When learning the Functional API, the key metric to watch is training loss and validation loss. These show how well the model is learning from data. Since the Functional API lets you build flexible models, watching loss helps you know if your model structure is working well.

Accuracy is also important for classification tasks to see if the model predicts correctly. But loss gives a clearer signal during training.

Confusion matrix example

For classification models built with the Functional API, a confusion matrix helps understand prediction errors:

      Actual \ Predicted | Positive | Negative
      -------------------|----------|---------
      Positive           |    50    |   10    
      Negative           |    5     |   35    
    

Here, True Positives (TP) = 50, False Negatives (FN) = 10, False Positives (FP) = 5, True Negatives (TN) = 35.

Precision vs Recall tradeoff with examples

Using the Functional API, you can build models for different tasks. Depending on the task, you choose metrics:

  • Precision: Important when false alarms are bad. Example: Email spam filter. You want to avoid marking good emails as spam.
  • Recall: Important when missing positive cases is bad. Example: Disease detection. You want to catch all sick patients.

Functional API lets you customize models to improve these metrics by changing layers or connections.

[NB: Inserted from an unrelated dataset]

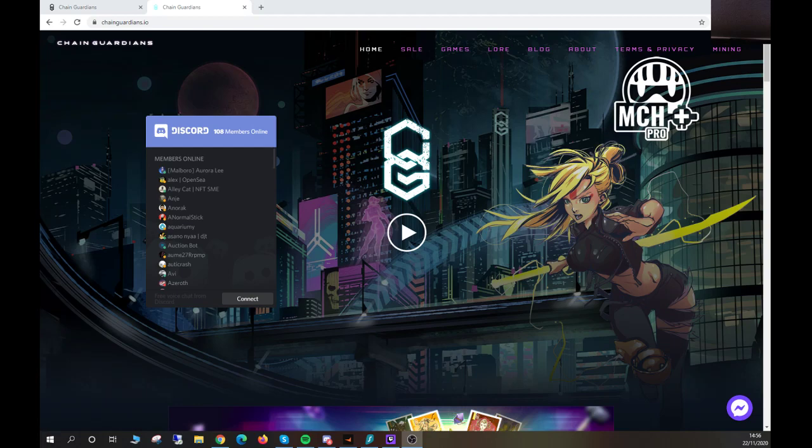Hello community, this is a quick video to show new players how to log into the mining section of the website to play the NFT proof-of-stake mining game. Simply come to the chainguardians.io website and then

What "good" vs "bad" metric values look like

For a simple classification model built with the Functional API:

  • Good: Loss steadily decreases during training and validation. Accuracy above 80% on validation. Precision and recall balanced above 75%.
  • Bad: Loss stays high or increases. Accuracy stuck near random chance (e.g., 50% for two classes). Precision or recall very low (below 50%), showing poor predictions.
Common pitfalls in metrics when using Functional API
  • Accuracy paradox: High accuracy can be misleading if classes are imbalanced. For example, 95% accuracy if model always predicts the majority class.
  • Data leakage: Using test data during training can inflate metrics falsely.
  • Overfitting indicators: Training loss much lower than validation loss means model memorizes training data but fails on new data.
  • Ignoring metric choice: Not selecting metrics that fit the problem (e.g., using accuracy for imbalanced data) leads to wrong conclusions.
Self-check question

Your Functional API model shows 98% accuracy but only 12% recall on fraud detection. Is it good for production? Why or why not?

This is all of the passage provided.